Scholz’ Umfeld weist derzeit gerne darauf hin, dass Scholz Anfang 2021 versuchte, US-Flüssiggas nach Deutschland zu importieren. Damals war die Empörung über diesen Deal mit dem dreckigen Frackinggas groß. Von heute aus betrachtet sieht das anders aus.
Linken-Fraktionschef Dietmar Bartsch bescheinigt der Ampel wegen des Katar-Geschäftes „Doppelmoral“. Die Grünen hätten vor Kurzem dem umworbenen Katar noch die Fußball-WM wegnehmen wollen.

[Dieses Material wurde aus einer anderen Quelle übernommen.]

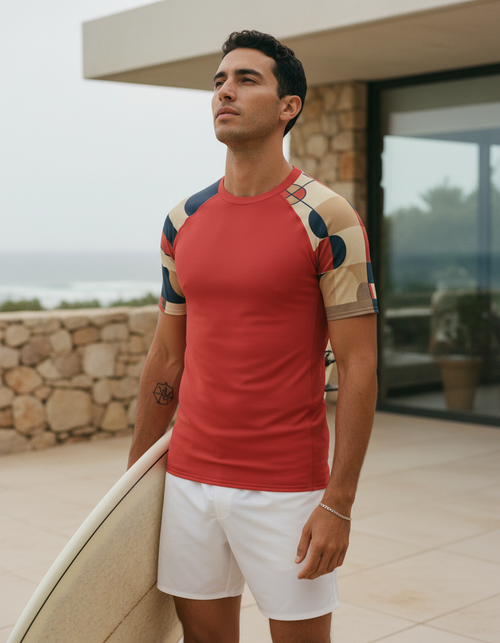 Form Rash Guard Men's Rashguard — Dripper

Scholz sendet nach der kernigen, ja martialischen Rede am 27. Februar beruhigende Botschaften, die Ängste vor einer Eskalation der Gewalt besänftigen sollen. Es werde keine Flugverbotszone und kein militärisches Eingreifen in der Ukraine geben. Diese Position ist nicht neu – neu ist, wie klar der Kanzler dies formuliert. „Die Nato wird nicht Kriegspartei“, sagt er. Das sei im Westen Konsens. Scholz neigt wie Merkel gern zum Undeutlichen, Offenen und Unverbindlichen. Hier nicht.